Our processing pipeline consists of eight major components (see Figure 1): a PDF Operator Parser that extracts layouts of figures and captions in a PDF document, a Figure Filtering module that removes journal logos incorrectly identified as figures, a Caption Filtering module that removes the captions incorrectly harvested by the operator parser, and a Figure-Caption Matcher that evaluates document layouts for accuracy in associating the recovered figures and captions.

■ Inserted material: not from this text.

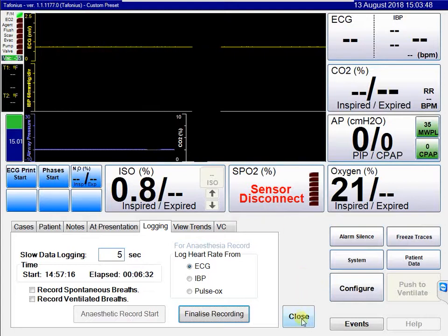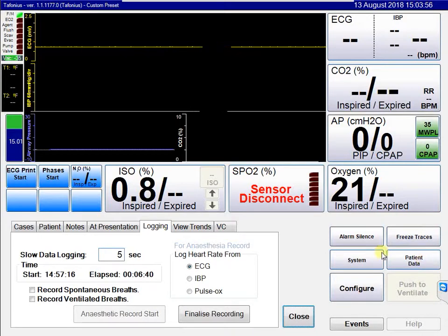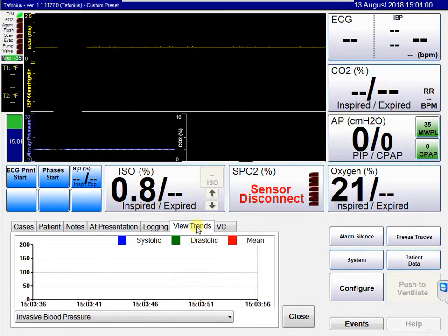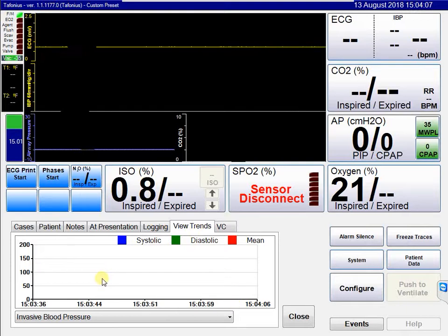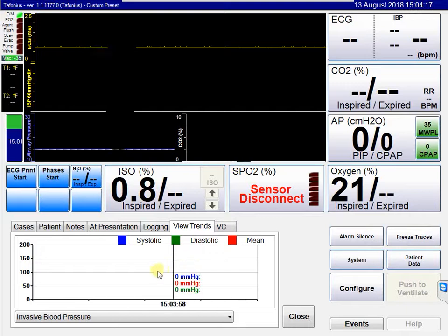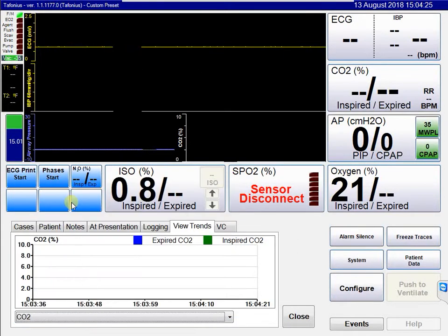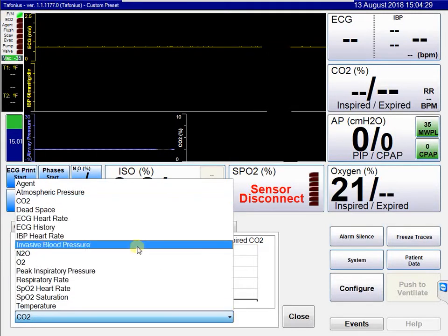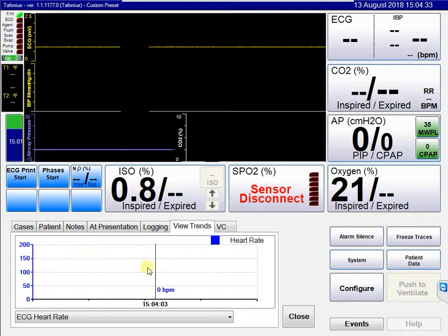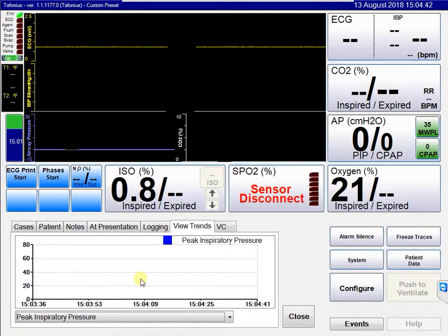That's all you need to do for input data. You'll also notice a tab called view trends. In view trends, you can look at trend data for any of the measured parameters — blood pressure, CO2 (expired and inspired values), ECG heart rate, respiratory rate, peak respiratory pressure. Clicking anywhere on the screen will show instantaneously all the values at that time point. These values can all be viewed as trend data, providing very useful information during the course of an anaesthetic.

Given the extracted figure-caption pairs, we first identify the number of panels from the caption and, separately, identify the number of panels from the image. The Caption Segmentation module performs a lexical analysis to identify the number of panels from the caption, and generates the corresponding subcaptions. Similarly, the In-Image Text Processing module identifies the corresponding number of panels in the image by performing a lexical analysis on the text within the figure. Additionally, an Image Preprocessing module performs a connected components analysis using pixel-level information to partition each figure into a set of bounding boxes. Finally, the Panel Segmentation module combines the results obtained from the previous three modules to first estimate the correct number of panels, and then to partition the figure using the image-level and label-level details.
PDF Operator Parser
The PDF format stores a document as a set of operators that describe the graphical and textual objects to be displayed in the pages. Each PDF operator has specific parameters to define its formatting and layout [10]. To open a PDF file and extract its operators, our solution directly uses the Xpdf tool. We then perform further analysis on the layout information of these operators to identify and fix errors, and to improve the accuracy of associating figures with captions.

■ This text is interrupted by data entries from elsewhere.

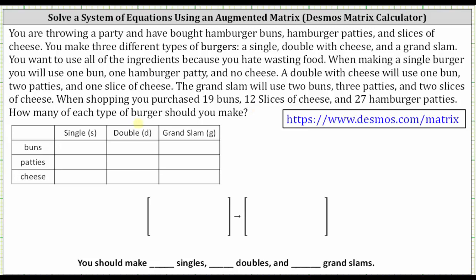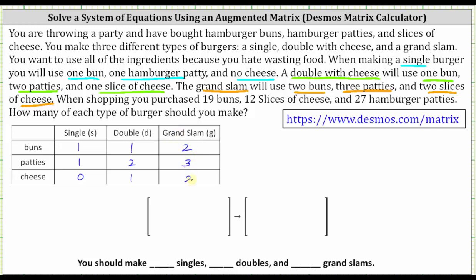Let's begin by using the table shown below to record what's needed to make each type of burger. A single requires one bun, one hamburger patty, and no cheese, so for the single column we record one bun, one patty, and zero for cheese. A double with cheese uses one bun, two patties, and one slice of cheese, so for the double column we record one bun, two patties, and one for cheese. For the grand slam, we record two for buns, three for patties, and two for cheese. Remember, this is the information for making one of each type of burger.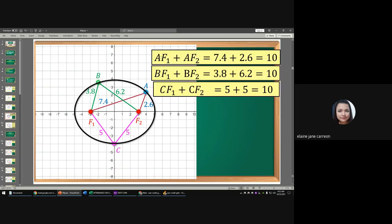Notice that for points A, B, and C, the sum of their distances from F sub 1 and F sub 2 are all the same — 10. If we draw a figure connecting all these points, this is called the ellipse. So the ellipse passes through points A, B, and C. What is the secret of those two red points, F sub 1 and F sub 2? We will answer that later.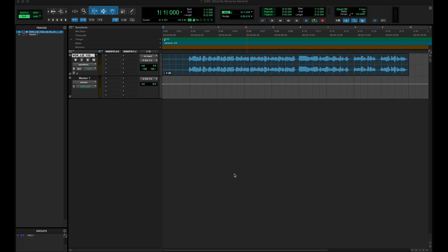Alright, here we go. So I've got a vocal I've downloaded from Splice pulled up in Pro Tools. You can do this in any DAW. I'm gonna do this demo in Pro Tools since it tends to be the most popular DAW. So I'll go ahead and play this vocal for you.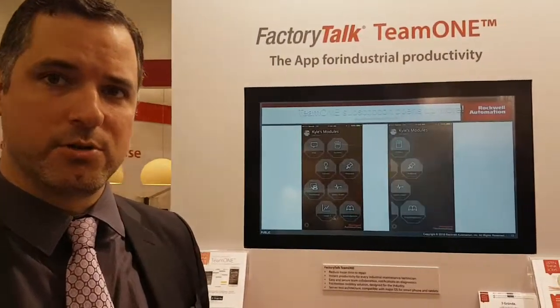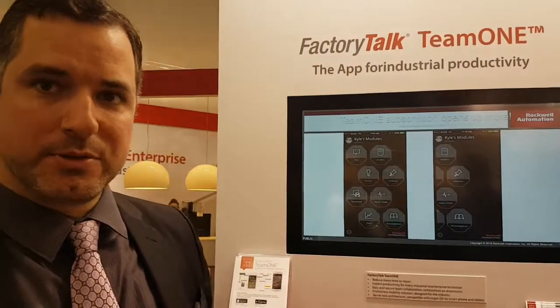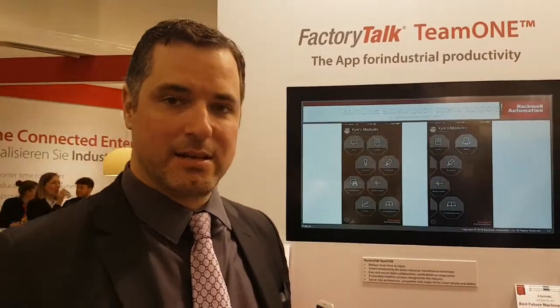More importantly, they allow you to connect to other team members and collaborate to improve your troubleshooting abilities and reduce your mean time to repair. So it's all about being instantly available.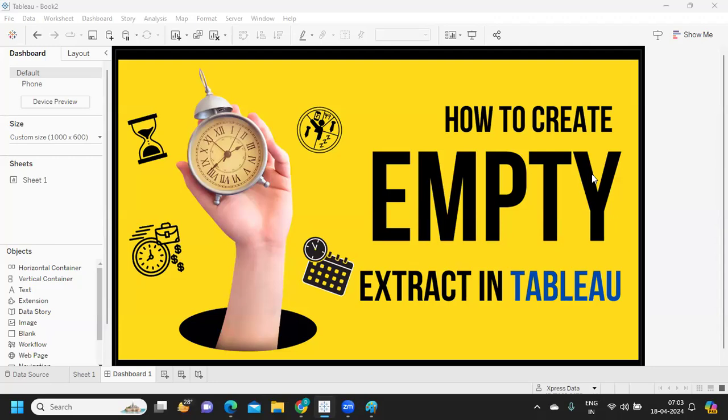First, what we need to understand here is when do we need to create an extract with zero records. The concept here is that we are letting our Tableau server do this heavy job.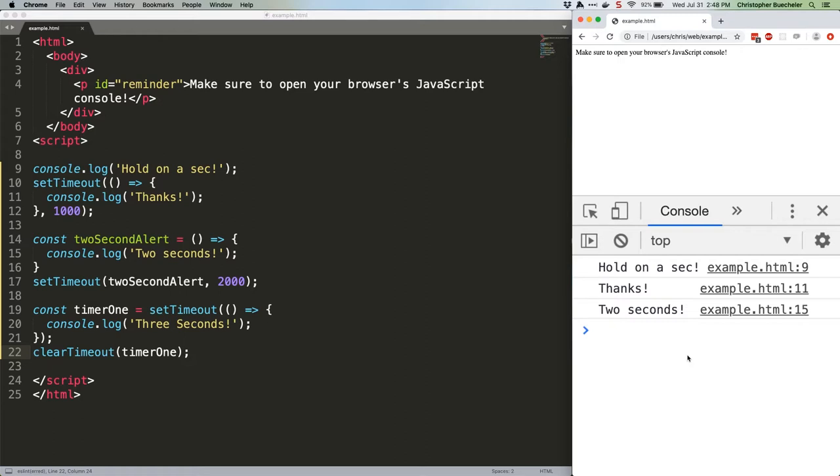Now let's talk about setInterval. This allows us to run code over and over again in perpetuity until cancelled, at whatever speed floats our boat. Because setInterval runs forever, you're basically always going to want to assign it to a variable so that you can cancel it. Here's an example that just logs tick to the console every half second for two seconds. So, four times.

We recover layouts of captions and figures using an event-driven Finite State Machine (FSM) with four states: "Reading Operator", "Reading Caption", "Reading Image", and "Finish FSM".
The "Reading Operator" is the initial state. In this state, the FSM simply reads the operators extracted from the PDF file. To identify potential captions, we look at all the paragraphs starting with "Fig." or any textual variations of it ("FIG.", "Figure", etc.), which create a transition to the "Reading Caption" state. Since PDF files commonly stores operators containing a single line of text. The captions can be split across multiple consecutive textual operators. Therefore, the FSM stays in the "Reading Caption" state until it identifies the last operator that contains text from the current paragraph or when finish processing all the operators in the file. And then stores the caption by merging the string of text from the operators previously processed.

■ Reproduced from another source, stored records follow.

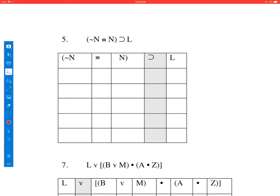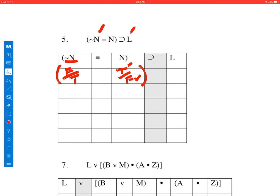You might think that this one is impossible to do, because notice that we have N and L, and both of those are unknown. But let's see if we can calculate the truth value nonetheless. First, let's put in the values. N could be true or it could be false. Notice over here we have not N — so when we assume N is true, not N would be false, and when we assume N is false, not N would be true. We need to do this biconditional calculation before we do the if-then with L.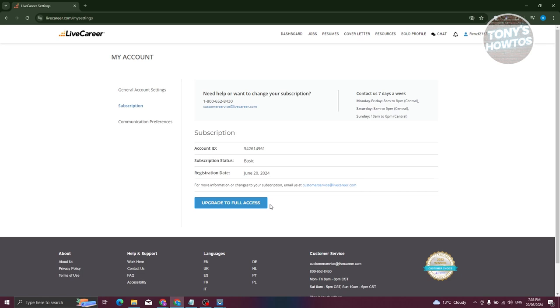So just to give you some information, if you cancel your subscription before the actual subscription is up, you could actually still use it for the remaining days. So it's going to just remove the auto renewal of that subscription.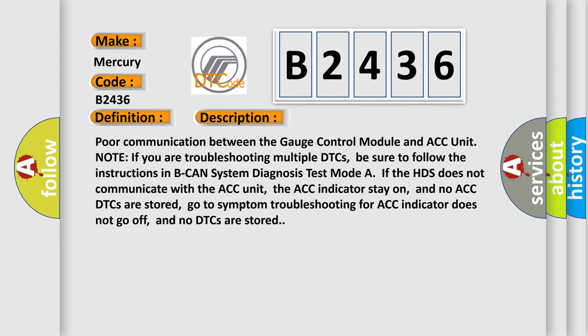And no ACC DTCs are stored, go to symptom troubleshooting for ACC indicator does not go off and no DTCs are stored.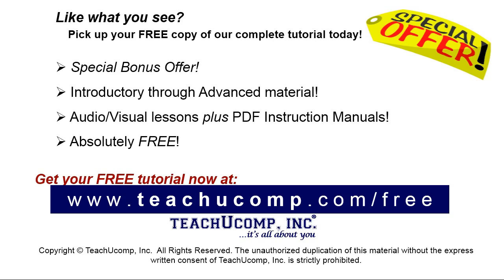Like what you see? Pick up your free copy of the complete tutorial at www.teachyoucomp.com forward slash free.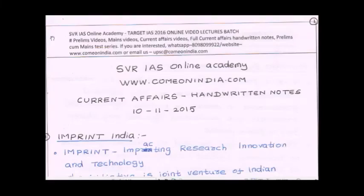Welcome to SVR IAS's online academy. Our website is ComeOnIndia.com. In today's current affairs video lecture you will see some important topics. Today's date is 10th November 2015. Let's see the important current affairs topics that came in the news recently.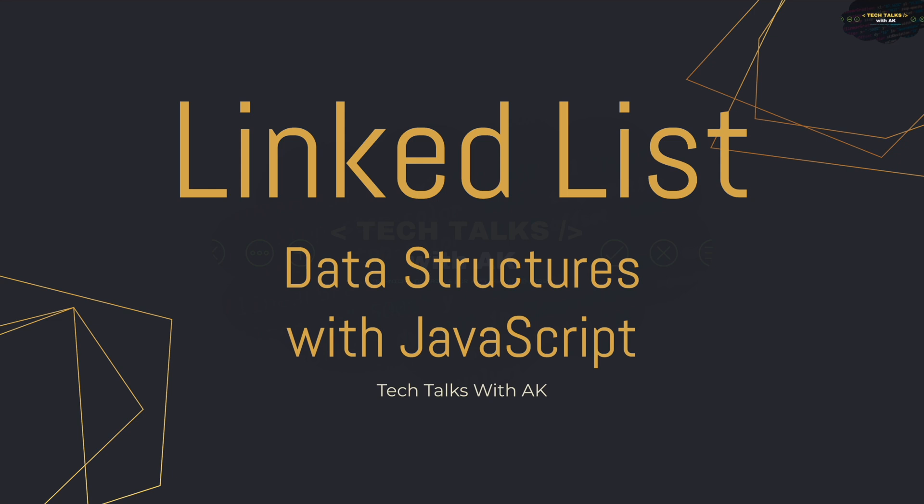In the series of data structures with JavaScript, the first data structure that we are going to work with and that we are going to be implementing is linked list.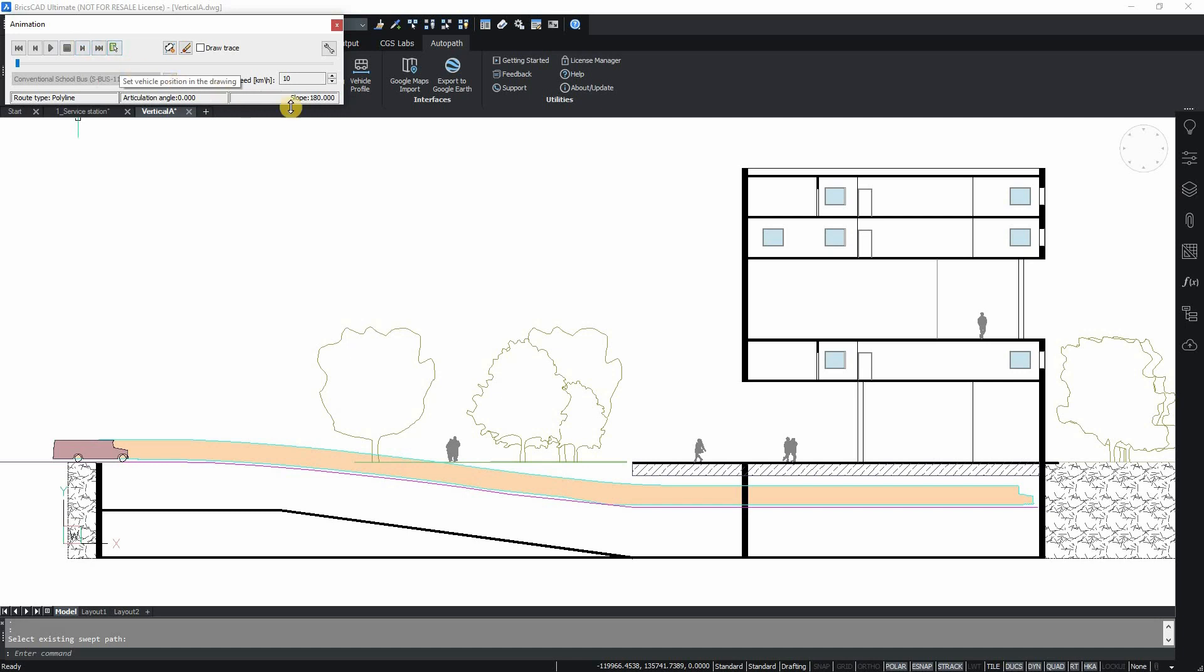You can set up speed for your vehicle at the beginning of the animation, but you can also change it while animation is running.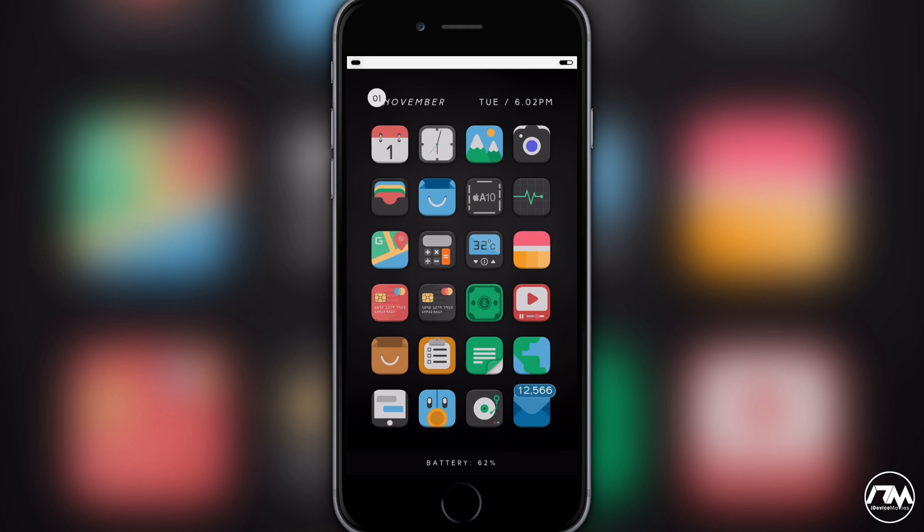Also yesterday, iOS 10.2 beta 1 came out, but what's nice to know about iOS 10.2 is that it's basically just bringing a new feature of Apple TV, the new TV application, just bringing support for that to iOS. The TV app for Apple TV won't be available until early to mid-December.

When a graphical operator is found in the "Reading Operator" state the FSM transits to the "Reading Image" state. In this state the FSM recovers the image and its layout (i.e. the position, size, and orientation of the figure in the page) and stores this information in a linked-list structure for easy access in further processing stages. Finally the "Reading Image" state returns control to to the initial state by defining a transition with a NULL event.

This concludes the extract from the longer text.